* **LISTED ENTRIES**:
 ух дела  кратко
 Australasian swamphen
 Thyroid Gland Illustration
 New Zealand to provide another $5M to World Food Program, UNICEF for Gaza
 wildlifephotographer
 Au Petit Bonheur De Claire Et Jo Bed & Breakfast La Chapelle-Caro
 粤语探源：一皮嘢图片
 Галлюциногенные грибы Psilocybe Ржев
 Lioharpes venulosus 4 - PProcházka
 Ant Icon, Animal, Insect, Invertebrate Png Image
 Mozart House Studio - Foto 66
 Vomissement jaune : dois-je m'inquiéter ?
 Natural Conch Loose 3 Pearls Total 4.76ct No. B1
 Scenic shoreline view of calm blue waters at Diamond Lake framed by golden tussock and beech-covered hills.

* **INSTRUCTIONS TO FOLLOW**: Each line of the material is to be copied exactly.

* **EXERCISE RESPONSE**:
 ух дела  кратко
 Australasian swamphen
 Thyroid Gland Illustration
 New Zealand to provide another $5M to World Food Program, UNICEF for Gaza
 wildlifephotographer
 Au Petit Bonheur De Claire Et Jo Bed & Breakfast La Chapelle-Caro
 粤语探源：一皮嘢图片
 Галлюциногенные грибы Psilocybe Ржев
 Lioharpes venulosus 4 - PProcházka
 Ant Icon, Animal, Insect, Invertebrate Png Image
 Mozart House Studio - Foto 66
 Vomissement jaune : dois-je m'inquiéter ?
 Natural Conch Loose 3 Pearls Total 4.76ct No. B1
 Scenic shoreline view of calm blue waters at Diamond Lake framed by golden tussock and beech-covered hills.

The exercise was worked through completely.